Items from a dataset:
|---|
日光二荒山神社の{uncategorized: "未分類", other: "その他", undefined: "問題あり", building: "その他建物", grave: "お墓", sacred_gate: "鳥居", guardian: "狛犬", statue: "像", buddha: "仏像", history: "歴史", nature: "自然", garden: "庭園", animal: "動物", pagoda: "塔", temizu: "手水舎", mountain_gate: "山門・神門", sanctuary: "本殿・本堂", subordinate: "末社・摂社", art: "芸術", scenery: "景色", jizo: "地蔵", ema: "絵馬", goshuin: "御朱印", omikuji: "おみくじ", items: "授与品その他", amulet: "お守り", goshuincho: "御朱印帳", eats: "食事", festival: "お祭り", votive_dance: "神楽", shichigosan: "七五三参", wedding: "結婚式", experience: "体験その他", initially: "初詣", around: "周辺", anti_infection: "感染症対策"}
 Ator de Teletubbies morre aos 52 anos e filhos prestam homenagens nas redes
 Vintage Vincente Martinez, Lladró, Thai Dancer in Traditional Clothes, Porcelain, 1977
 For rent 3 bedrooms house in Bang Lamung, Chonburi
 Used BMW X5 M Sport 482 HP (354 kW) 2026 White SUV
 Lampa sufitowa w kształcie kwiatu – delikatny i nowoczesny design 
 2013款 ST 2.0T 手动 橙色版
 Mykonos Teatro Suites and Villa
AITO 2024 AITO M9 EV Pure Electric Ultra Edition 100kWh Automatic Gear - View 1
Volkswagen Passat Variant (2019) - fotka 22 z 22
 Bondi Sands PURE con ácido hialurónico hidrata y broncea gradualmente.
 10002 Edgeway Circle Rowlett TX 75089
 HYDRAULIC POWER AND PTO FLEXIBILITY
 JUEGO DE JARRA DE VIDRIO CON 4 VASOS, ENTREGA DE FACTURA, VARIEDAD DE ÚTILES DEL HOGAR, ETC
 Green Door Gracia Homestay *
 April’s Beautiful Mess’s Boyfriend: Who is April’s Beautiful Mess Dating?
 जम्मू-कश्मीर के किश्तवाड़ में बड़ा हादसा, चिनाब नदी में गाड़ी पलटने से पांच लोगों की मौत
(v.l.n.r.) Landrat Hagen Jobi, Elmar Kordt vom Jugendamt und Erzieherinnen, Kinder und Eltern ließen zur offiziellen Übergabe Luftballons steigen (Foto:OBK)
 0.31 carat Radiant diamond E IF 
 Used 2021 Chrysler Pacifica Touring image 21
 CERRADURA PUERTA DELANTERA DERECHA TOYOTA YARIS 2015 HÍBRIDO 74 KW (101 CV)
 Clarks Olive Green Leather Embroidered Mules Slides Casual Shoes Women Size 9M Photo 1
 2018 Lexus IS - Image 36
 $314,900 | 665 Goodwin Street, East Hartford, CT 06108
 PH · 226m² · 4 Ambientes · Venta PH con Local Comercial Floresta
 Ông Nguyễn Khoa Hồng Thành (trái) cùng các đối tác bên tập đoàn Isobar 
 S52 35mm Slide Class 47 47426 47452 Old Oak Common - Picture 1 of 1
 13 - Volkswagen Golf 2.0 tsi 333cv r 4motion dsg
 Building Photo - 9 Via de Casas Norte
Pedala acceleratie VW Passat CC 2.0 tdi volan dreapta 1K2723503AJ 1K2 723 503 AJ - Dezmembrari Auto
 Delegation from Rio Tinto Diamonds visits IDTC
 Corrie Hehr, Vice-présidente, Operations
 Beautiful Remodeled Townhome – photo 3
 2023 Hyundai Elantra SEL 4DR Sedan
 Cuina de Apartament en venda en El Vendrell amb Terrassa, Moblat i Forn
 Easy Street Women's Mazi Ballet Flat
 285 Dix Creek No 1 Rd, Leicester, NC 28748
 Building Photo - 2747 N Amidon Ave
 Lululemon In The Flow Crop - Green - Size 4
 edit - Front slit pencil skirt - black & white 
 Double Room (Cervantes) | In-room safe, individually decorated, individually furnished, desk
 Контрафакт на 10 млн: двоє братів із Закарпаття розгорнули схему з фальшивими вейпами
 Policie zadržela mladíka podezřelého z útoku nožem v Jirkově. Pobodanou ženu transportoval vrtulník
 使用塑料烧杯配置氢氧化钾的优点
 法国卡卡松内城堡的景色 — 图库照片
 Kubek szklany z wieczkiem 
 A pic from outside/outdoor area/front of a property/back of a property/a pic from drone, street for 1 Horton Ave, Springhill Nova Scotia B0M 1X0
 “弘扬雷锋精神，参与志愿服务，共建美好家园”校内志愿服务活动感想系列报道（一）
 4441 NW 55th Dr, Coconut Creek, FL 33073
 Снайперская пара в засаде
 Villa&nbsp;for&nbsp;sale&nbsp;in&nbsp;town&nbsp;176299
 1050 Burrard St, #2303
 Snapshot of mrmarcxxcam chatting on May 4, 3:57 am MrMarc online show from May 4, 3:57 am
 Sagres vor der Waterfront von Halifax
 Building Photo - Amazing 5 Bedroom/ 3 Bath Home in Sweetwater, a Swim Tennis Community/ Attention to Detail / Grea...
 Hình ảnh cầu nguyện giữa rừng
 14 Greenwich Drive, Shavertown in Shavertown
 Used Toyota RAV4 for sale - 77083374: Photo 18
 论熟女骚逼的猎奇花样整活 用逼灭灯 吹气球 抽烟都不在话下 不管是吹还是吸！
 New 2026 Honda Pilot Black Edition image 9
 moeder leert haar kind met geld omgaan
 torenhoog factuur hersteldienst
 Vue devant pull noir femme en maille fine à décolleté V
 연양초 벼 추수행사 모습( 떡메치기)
|---|
» **TASK TO CARRY OUT**
Down to the last line, reproduce the entries above precisely.

» **ANSWER TO THE EXERCISE**
日光二荒山神社の{uncategorized: "未分類", other: "その他", undefined: "問題あり", building: "その他建物", grave: "お墓", sacred_gate: "鳥居", guardian: "狛犬", statue: "像", buddha: "仏像", history: "歴史", nature: "自然", garden: "庭園", animal: "動物", pagoda: "塔", temizu: "手水舎", mountain_gate: "山門・神門", sanctuary: "本殿・本堂", subordinate: "末社・摂社", art: "芸術", scenery: "景色", jizo: "地蔵", ema: "絵馬", goshuin: "御朱印", omikuji: "おみくじ", items: "授与品その他", amulet: "お守り", goshuincho: "御朱印帳", eats: "食事", festival: "お祭り", votive_dance: "神楽", shichigosan: "七五三参", wedding: "結婚式", experience: "体験その他", initially: "初詣", around: "周辺", anti_infection: "感染症対策"}
 Ator de Teletubbies morre aos 52 anos e filhos prestam homenagens nas redes
 Vintage Vincente Martinez, Lladró, Thai Dancer in Traditional Clothes, Porcelain, 1977
 For rent 3 bedrooms house in Bang Lamung, Chonburi
 Used BMW X5 M Sport 482 HP (354 kW) 2026 White SUV
 Lampa sufitowa w kształcie kwiatu – delikatny i nowoczesny design 
 2013款 ST 2.0T 手动 橙色版
 Mykonos Teatro Suites and Villa
AITO 2024 AITO M9 EV Pure Electric Ultra Edition 100kWh Automatic Gear - View 1
Volkswagen Passat Variant (2019) - fotka 22 z 22
 Bondi Sands PURE con ácido hialurónico hidrata y broncea gradualmente.
 10002 Edgeway Circle Rowlett TX 75089
 HYDRAULIC POWER AND PTO FLEXIBILITY
 JUEGO DE JARRA DE VIDRIO CON 4 VASOS, ENTREGA DE FACTURA, VARIEDAD DE ÚTILES DEL HOGAR, ETC
 Green Door Gracia Homestay *
 April’s Beautiful Mess’s Boyfriend: Who is April’s Beautiful Mess Dating?
 जम्मू-कश्मीर के किश्तवाड़ में बड़ा हादसा, चिनाब नदी में गाड़ी पलटने से पांच लोगों की मौत
(v.l.n.r.) Landrat Hagen Jobi, Elmar Kordt vom Jugendamt und Erzieherinnen, Kinder und Eltern ließen zur offiziellen Übergabe Luftballons steigen (Foto:OBK)
 0.31 carat Radiant diamond E IF 
 Used 2021 Chrysler Pacifica Touring image 21
 CERRADURA PUERTA DELANTERA DERECHA TOYOTA YARIS 2015 HÍBRIDO 74 KW (101 CV)
 Clarks Olive Green Leather Embroidered Mules Slides Casual Shoes Women Size 9M Photo 1
 2018 Lexus IS - Image 36
 $314,900 | 665 Goodwin Street, East Hartford, CT 06108
 PH · 226m² · 4 Ambientes · Venta PH con Local Comercial Floresta
 Ông Nguyễn Khoa Hồng Thành (trái) cùng các đối tác bên tập đoàn Isobar 
 S52 35mm Slide Class 47 47426 47452 Old Oak Common - Picture 1 of 1
 13 - Volkswagen Golf 2.0 tsi 333cv r 4motion dsg
 Building Photo - 9 Via de Casas Norte
Pedala acceleratie VW Passat CC 2.0 tdi volan dreapta 1K2723503AJ 1K2 723 503 AJ - Dezmembrari Auto
 Delegation from Rio Tinto Diamonds visits IDTC
 Corrie Hehr, Vice-présidente, Operations
 Beautiful Remodeled Townhome – photo 3
 2023 Hyundai Elantra SEL 4DR Sedan
 Cuina de Apartament en venda en El Vendrell amb Terrassa, Moblat i Forn
 Easy Street Women's Mazi Ballet Flat
 285 Dix Creek No 1 Rd, Leicester, NC 28748
 Building Photo - 2747 N Amidon Ave
 Lululemon In The Flow Crop - Green - Size 4
 edit - Front slit pencil skirt - black & white 
 Double Room (Cervantes) | In-room safe, individually decorated, individually furnished, desk
 Контрафакт на 10 млн: двоє братів із Закарпаття розгорнули схему з фальшивими вейпами
 Policie zadržela mladíka podezřelého z útoku nožem v Jirkově. Pobodanou ženu transportoval vrtulník
 使用塑料烧杯配置氢氧化钾的优点
 法国卡卡松内城堡的景色 — 图库照片
 Kubek szklany z wieczkiem 
 A pic from outside/outdoor area/front of a property/back of a property/a pic from drone, street for 1 Horton Ave, Springhill Nova Scotia B0M 1X0
 “弘扬雷锋精神，参与志愿服务，共建美好家园”校内志愿服务活动感想系列报道（一）
 4441 NW 55th Dr, Coconut Creek, FL 33073
 Снайперская пара в засаде
 Villa&nbsp;for&nbsp;sale&nbsp;in&nbsp;town&nbsp;176299
 1050 Burrard St, #2303
 Snapshot of mrmarcxxcam chatting on May 4, 3:57 am MrMarc online show from May 4, 3:57 am
 Sagres vor der Waterfront von Halifax
 Building Photo - Amazing 5 Bedroom/ 3 Bath Home in Sweetwater, a Swim Tennis Community/ Attention to Detail / Grea...
 Hình ảnh cầu nguyện giữa rừng
 14 Greenwich Drive, Shavertown in Shavertown
 Used Toyota RAV4 for sale - 77083374: Photo 18
 论熟女骚逼的猎奇花样整活 用逼灭灯 吹气球 抽烟都不在话下 不管是吹还是吸！
 New 2026 Honda Pilot Black Edition image 9
 moeder leert haar kind met geld omgaan
 torenhoog factuur hersteldienst
 Vue devant pull noir femme en maille fine à décolleté V
 연양초 벼 추수행사 모습( 떡메치기)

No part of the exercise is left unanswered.